Fullcoaching: formule "baccalauréat" Ardennes

La fin du trimestre approchant il est temps de se mettre à jour afin de ne pas prendre du retard dans cette course contre le temps qu'est la préparation du baccalauréat

Entreprises Locales

(Les données locales ci-après sont fournises par toutlocal.fr.)

Direction Départementale Du Travail De L'emploi Et De La Formation Professionnelle
03 24 59 82 42
18 Avenue Francois Mitterrand
Charleville-Mezieres, Ardennes
Groupement D Employeurs De Villy

Chez M Marc Bricau
Villy, Ardennes
Retourne Emploi

Chez M. Legros Philippe
Bignicourt, Ardennes
Direction Départementale Du Travail De L'emploi Et De La Formation Professionnelle
03 24 59 71 43
18 Avenue Francois Mitterrand
Charleville-Mezieres, Ardennes
Agence Nationale Pour L'emploi
03 24 27 01 04
19 D Rue Jean Jaures
Sedan, Ardennes
Equilibre et Performance
(066) 011-0772
8 place Montcy St Pierre
Charleville Mézieres, Ardennes
Praxis Conseil
03 24 33 25 75
10 Rue Du Docteur Emile Baudoin
Charleville-Mezieres, Ardennes
Allo Bouchers

22 Avenue Jean Jaures
Charleville-Mezieres, Ardennes
Direction Départementale Du Travail De L'emploi Et De La Formation Professionnelle
03 24 59 82 46
18 Avenue Francois Mitterrand
Charleville-Mezieres, Ardennes
A.n.p.e
03 24 56 32 08
18 Avenue Georges Corneau
Charleville-Mezieres, Ardennes

La fin du premier trimestre sonne l’importance de se préparer aux examens.

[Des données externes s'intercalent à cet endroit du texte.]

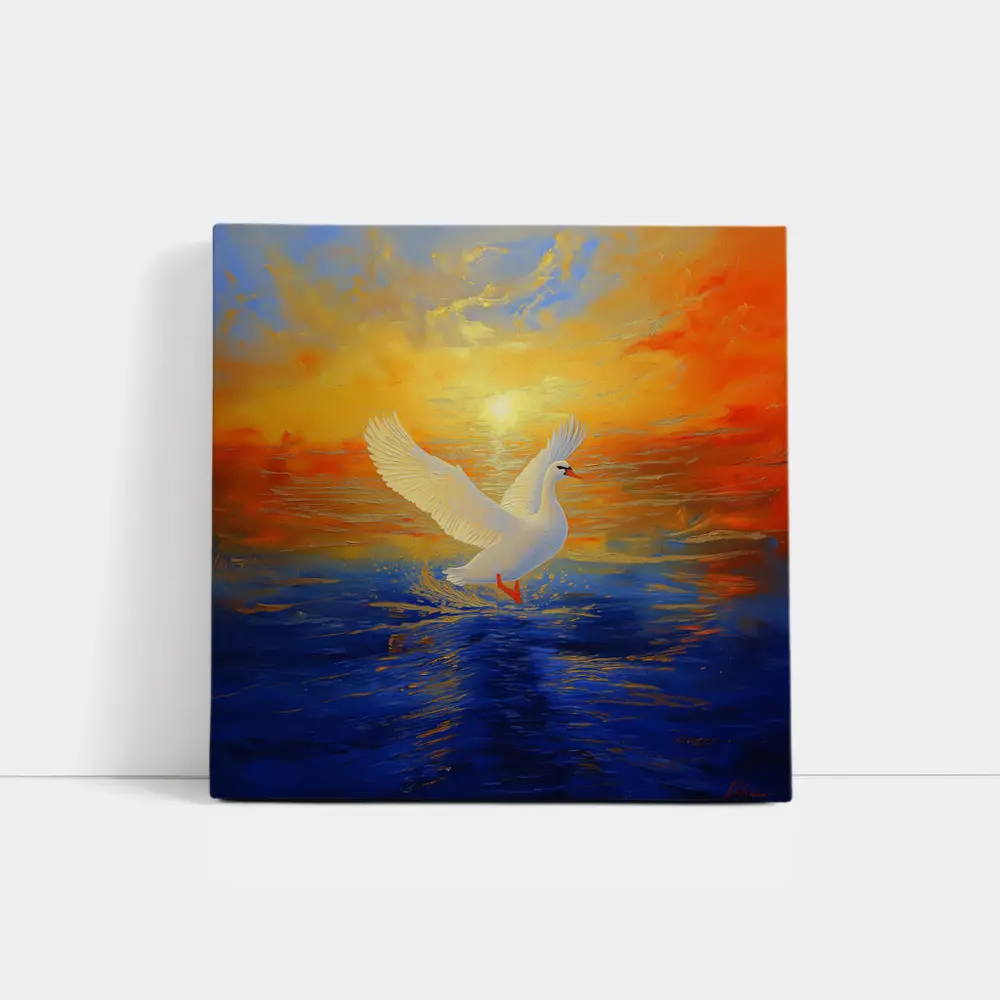 White Swan Taking Flight Sunset Ocean Painting – Wall Art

Le fullcoaching a mis en place depuis cette année sa formule « baccalauréat ». Un stage de fullcoaching se veut complet :
- Cours de méthodologie – 2heures
- Epreuve de dissertation/commentaire composé/écriture d’invention – 4 heures
- Travail sur l’oral – 2 heures
Le fullcoaching rappelle qu’il est judicieux de ne pas attendre le dernier moment pour rattraper ses lacunes !

Article écrit par David Jarousseau, directeur de la société Fullcoaching

Voir Aussi
- La suppression des notes ou la parodie de l’évolution Ardennes
L’enseignement laïc et obligatoire, jour après jour, tente de modifier son image de « fabrique du crétin », selon le mot de l’universitaire Jean-Paul Brighelli.